● **Brief**
Among the records below, find the line that has "Swingline Stapler, 30"; from there, give the lines again exactly, and stop after the line that has "[杭州·浙A] 二手陆风陆风X82009款 2.5T 柴油4X4超豪华型".

● **Data for processing**
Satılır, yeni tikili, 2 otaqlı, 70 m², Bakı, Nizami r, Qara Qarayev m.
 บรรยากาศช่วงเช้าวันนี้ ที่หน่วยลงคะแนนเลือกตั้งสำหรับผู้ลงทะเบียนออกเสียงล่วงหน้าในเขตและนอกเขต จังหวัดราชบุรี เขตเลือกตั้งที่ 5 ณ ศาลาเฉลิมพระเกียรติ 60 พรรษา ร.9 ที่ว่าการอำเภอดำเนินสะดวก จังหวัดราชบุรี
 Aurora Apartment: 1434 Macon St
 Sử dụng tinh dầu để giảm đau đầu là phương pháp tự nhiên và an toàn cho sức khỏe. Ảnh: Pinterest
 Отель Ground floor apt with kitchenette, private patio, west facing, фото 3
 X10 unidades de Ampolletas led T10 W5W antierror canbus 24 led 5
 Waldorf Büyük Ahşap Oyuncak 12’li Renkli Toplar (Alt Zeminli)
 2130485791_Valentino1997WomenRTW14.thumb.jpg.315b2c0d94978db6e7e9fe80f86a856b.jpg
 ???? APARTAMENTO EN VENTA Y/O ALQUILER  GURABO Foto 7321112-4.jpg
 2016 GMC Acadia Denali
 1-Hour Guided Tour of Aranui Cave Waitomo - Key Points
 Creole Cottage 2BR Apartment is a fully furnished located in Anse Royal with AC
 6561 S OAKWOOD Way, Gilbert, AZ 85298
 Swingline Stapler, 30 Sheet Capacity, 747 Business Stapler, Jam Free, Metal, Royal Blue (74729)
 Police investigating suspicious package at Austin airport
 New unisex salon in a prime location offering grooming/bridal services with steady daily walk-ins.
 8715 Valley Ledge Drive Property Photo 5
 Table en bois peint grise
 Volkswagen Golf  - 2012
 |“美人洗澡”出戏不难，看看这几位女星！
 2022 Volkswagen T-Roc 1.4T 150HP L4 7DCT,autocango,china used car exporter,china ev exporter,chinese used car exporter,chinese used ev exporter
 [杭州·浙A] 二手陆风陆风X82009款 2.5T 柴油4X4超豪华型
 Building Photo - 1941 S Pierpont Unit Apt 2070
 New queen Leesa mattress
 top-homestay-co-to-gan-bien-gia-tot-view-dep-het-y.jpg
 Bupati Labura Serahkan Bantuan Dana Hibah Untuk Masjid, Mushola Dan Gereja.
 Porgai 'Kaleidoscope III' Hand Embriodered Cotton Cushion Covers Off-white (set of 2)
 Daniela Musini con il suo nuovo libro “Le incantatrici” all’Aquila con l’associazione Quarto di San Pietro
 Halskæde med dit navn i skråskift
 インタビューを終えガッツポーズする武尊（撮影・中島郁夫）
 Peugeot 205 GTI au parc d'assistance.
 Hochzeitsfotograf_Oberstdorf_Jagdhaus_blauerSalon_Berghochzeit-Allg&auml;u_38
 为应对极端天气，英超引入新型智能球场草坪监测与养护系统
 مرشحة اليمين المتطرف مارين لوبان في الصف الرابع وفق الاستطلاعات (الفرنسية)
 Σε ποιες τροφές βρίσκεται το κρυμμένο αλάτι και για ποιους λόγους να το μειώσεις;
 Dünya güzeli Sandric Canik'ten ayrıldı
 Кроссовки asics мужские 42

● **Problem solution**
 Swingline Stapler, 30 Sheet Capacity, 747 Business Stapler, Jam Free, Metal, Royal Blue (74729)
 Police investigating suspicious package at Austin airport
 New unisex salon in a prime location offering grooming/bridal services with steady daily walk-ins.
 8715 Valley Ledge Drive Property Photo 5
 Table en bois peint grise
 Volkswagen Golf  - 2012
 |“美人洗澡”出戏不难，看看这几位女星！
 2022 Volkswagen T-Roc 1.4T 150HP L4 7DCT,autocango,china used car exporter,china ev exporter,chinese used car exporter,chinese used ev exporter
 [杭州·浙A] 二手陆风陆风X82009款 2.5T 柴油4X4超豪华型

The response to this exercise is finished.